Papaz amacına ulaştıktan sonra yaptığının duyulmasından korkarak
kurbanını elleriyle boğarak öldürmüştü. Sonuçta papaz yakalanmış ve
yapılan yargılama sonucunda derisi diri diri yüzülmek suretiyle ölüme
mahkûm edilmişti. Daha sonra da cesedi herkesin önünde yakılmıştır.
Toplum tarafından büyük tepki gösterilen böyle insanların cezaları ve
sonuçları, diğer insanlara ibret olması ve onları caydır¬ması için
kalabalık halk kitleleri önünde sergilenmesine özellik¬le dikkat
edilirdi. Bütün Türk tarihinde uygulanan ceza sistemlerinde idam vardır.

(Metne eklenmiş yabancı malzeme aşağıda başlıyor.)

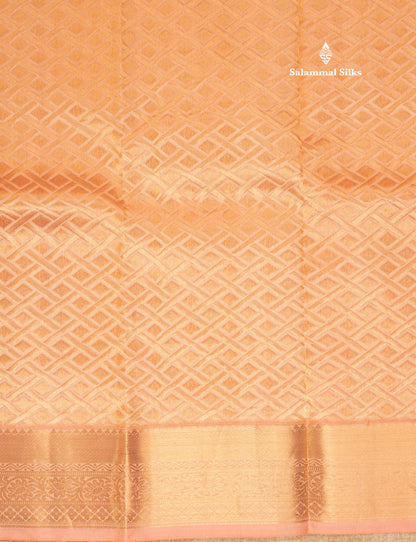 Peach Pure Kanjivaram Silk Saree With Gold Zari Border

Türk hukuk geleneklerine göre idam cezası olmayan hukuk sistemi,
kamunun vicdanını tatmin etmez ve cezalar içerisinde idamın olmaması,
temel amaç olan caydırıcılıkta önemli bir zafiyet oluşturacağı fikri
hakim olmuştur. Özetle kadim Türk tarihinde, otorite kadına ve çocuğa
karşı işlenen tecavüz ve cinayet suçlarının cezasının ölümle
sonuçlanmasına çok dikkat edilirdi. Yazık ki günümüzde de bu tür suçlar
işleniyor. Maalesef var olan hukuk sistemiz içerisinde, Özgecan Aslan'a
karşı işlenen suçun cezası yok. Suçu işleyen caninin cezası ölümdür.
Bunu sağlamak içinde idam geri gelmelidir. Bu tür olayların bir daha
yaşanmaması dileğiyle, Özgecan'a Allah'tan rahmet, ailesine ve
sevenlerine de başsağlığı diliyorum. Mekânı Cennet olsun." diye konuştu.